[Tutor] Help with a Conversion

[Peter Otten]

S. P. Molnar wrote:

> I have just started attempting programming in Python and am using Spyder
> with Python 3.5.2 on a Linux platform. (I first started programing in
> Fortran II using punched paper tape.  Yes, am a rather elderly . .  .).
> 
> I have bumbled through, what I foolishly thought was a simple problem, a
> short program to change frequency to wavelength for a plot of
> ultraviolet spectra.  I have attached a pdf of the program.
> 
> During my attempt at programming I have printed results at various
> stages.  Printing wavelength = [row[0] for row in data] gives me 25000
> as the first frequency in the wavelength list (the corresponding
> wavelength is 400).
> 
> To change the frequency to wave length I did the following:
> 
> 
> p=1/1e7
> wave_length = p*np.array(frequency)
> 
> (The relationship between wavelength and frequency is: wavelength =
> 1.0e7/frequency, where 1e7 is the speed of light)
> 
> 
> Apparently whhat I have managed to do is divide each element of the
> frequency list by 1/1e7.
> 
> What I want to do is divide 1e7 by each element of the freqquency list.
> 
> How di I do this?

Since you are using numpy anyway I'd put the frequencies into a numpy.array 
as soon as possible:

>>> import numpy
>>> frequencies = numpy.array([25000, 1250, 400])

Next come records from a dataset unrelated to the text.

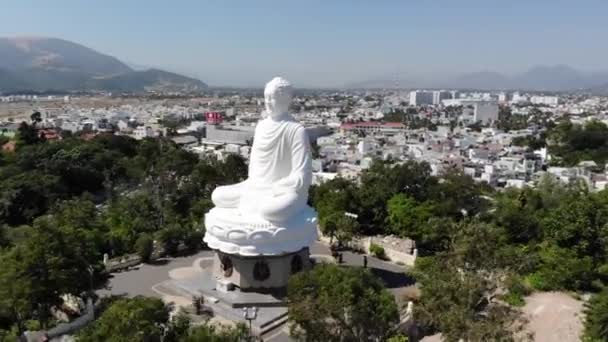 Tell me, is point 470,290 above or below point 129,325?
above

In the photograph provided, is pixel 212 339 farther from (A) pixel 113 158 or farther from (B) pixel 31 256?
(A) pixel 113 158

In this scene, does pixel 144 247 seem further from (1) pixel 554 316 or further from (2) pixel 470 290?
(1) pixel 554 316

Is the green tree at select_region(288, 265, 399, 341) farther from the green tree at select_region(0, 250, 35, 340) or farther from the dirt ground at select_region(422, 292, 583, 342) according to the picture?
the green tree at select_region(0, 250, 35, 340)

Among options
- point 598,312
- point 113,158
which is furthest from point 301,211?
point 113,158

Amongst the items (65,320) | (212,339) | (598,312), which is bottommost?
(65,320)

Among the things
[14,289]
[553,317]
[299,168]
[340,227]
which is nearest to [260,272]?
[299,168]

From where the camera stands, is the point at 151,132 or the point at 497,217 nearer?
the point at 497,217

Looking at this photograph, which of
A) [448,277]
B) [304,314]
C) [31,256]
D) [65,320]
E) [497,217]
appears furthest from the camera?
[497,217] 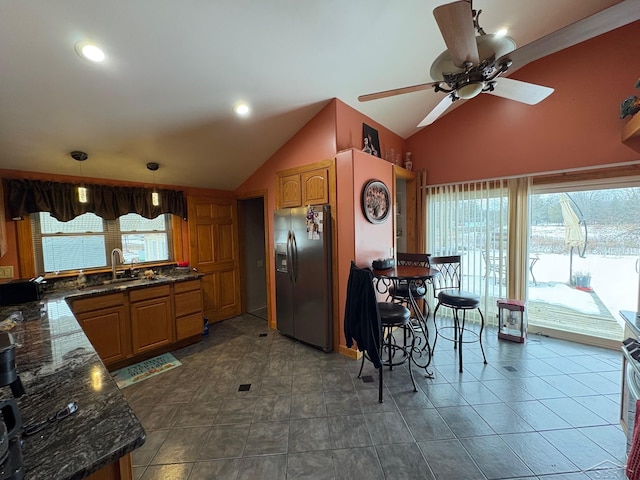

Because of numpy's "broadcasting" you can mix skalars and vectors as you 
already tried -- and with the right formula, lamda = c / nu, you get the 
correct result:

>>> speed_of_light = 1e7
>>> wavelengths = speed_of_light / frequencies
>>> wavelengths
array([   400.,   8000.,  25000.])

The equivalent list comprehension in plain Python looks like this:

>>> frequencies = [25000, 1250, 400]
>>> wavelengths = [speed_of_light/freq for freq in frequencies]
>>> wavelengths
[400.0, 8000.0, 25000.0]

> Please keep in mind that many, many hyears ago I learned the ole
> arithmetic

That hasn't changed and is honoured by numpy; you were probably confused by 
the new tool ;)

> and an not trying to start a flame war.

> Thanks in advance for the assistance tha I am sure will be most helpful.